A suon di proteste e presidi sotto la prefettura di Lecce, i braccianti sono riusciti a ottenere un incontro con il prefetto, che si è tenuto lunedì 8 agosto e i cui esiti sono stati definiti fallimentari. “Aleatorie” considerate le risposte delle autorità al problema. “Tutto continua come se niente fosse. I caporali continuano a ricattare, e noi siamo sfruttati come se la nostra protesta non fosse mai avvenuta. Non andremo via da qui fino a quando non avremo risposte concrete”, fanno sapere i braccianti. 

Forse siamo ancora lontani da risultati concreti, forse la risoluzione del problema non è esattamente dietro l’angolo. Ma c’è qualcosa di nuovo e rivoluzionario in questa protesta. C’è la voglia di giustizia e di diritti, e la disponibilità di pagarla a caro prezzo.
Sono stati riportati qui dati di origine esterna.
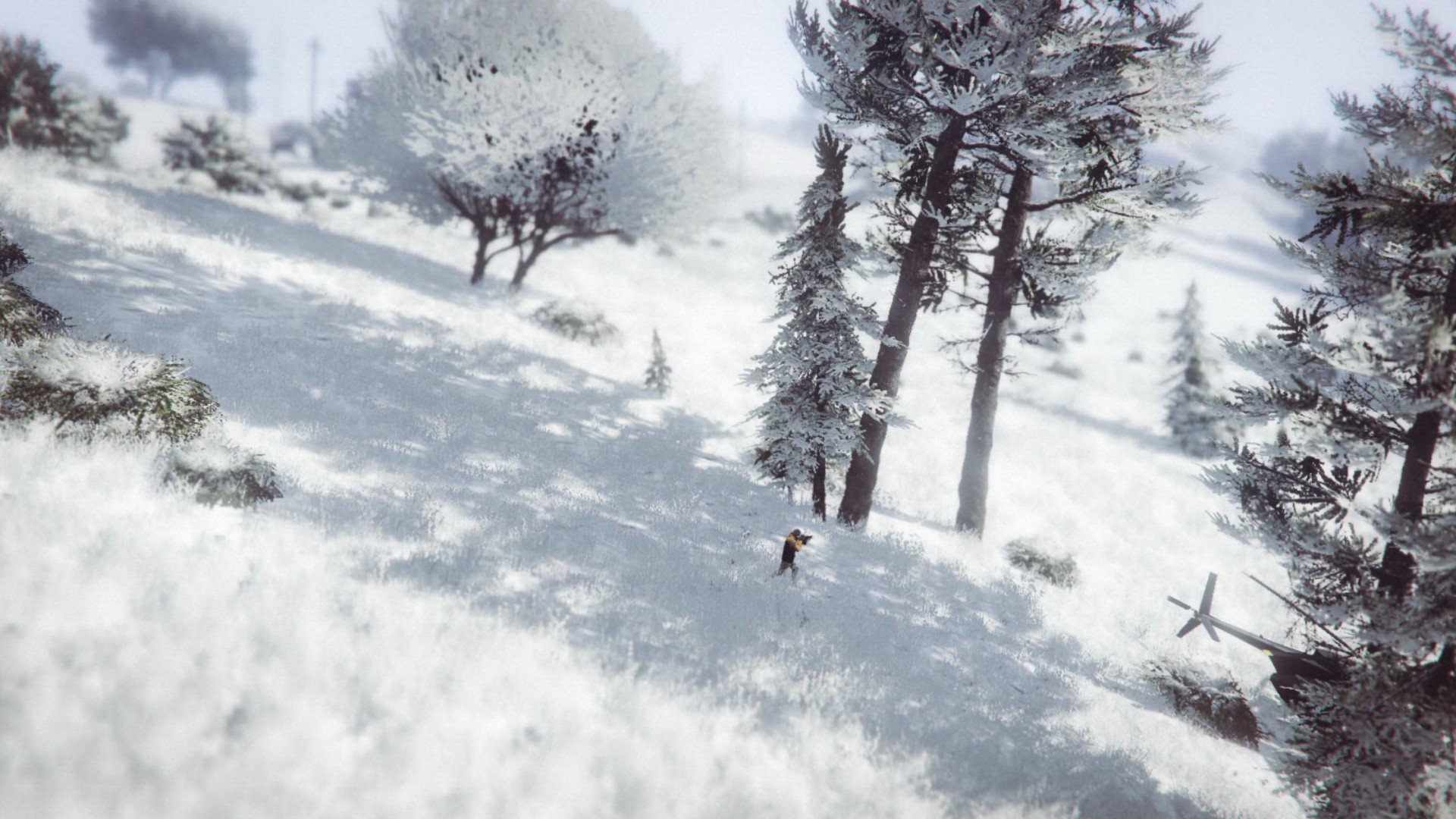 hunter, Grand Theft Auto V, Grand Theft Auto Online, Snow, Wood, Helicopters, Rockstar Games, Shadow Wallpaper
La prova che anche nella disperazione, non bisogna cedere al ricatto e alle bassezze, perché si alimenta un sistema che prima o poi torna sempre indietro e danneggia anche te. Quando il sistema-qualsiasi sistema- è sbagliato, corrotto e illegale, non risparmia nessuno, persino chi l’ha ideato prima o poi ne subirà le conseguenze.

Stringere i denti per ottenere diritti, per una causa superiore, ecco quello che stanno facendo i braccianti di Nardò, per dimostrare che si può fare la differenza, se si vuole davvero un mondo differente.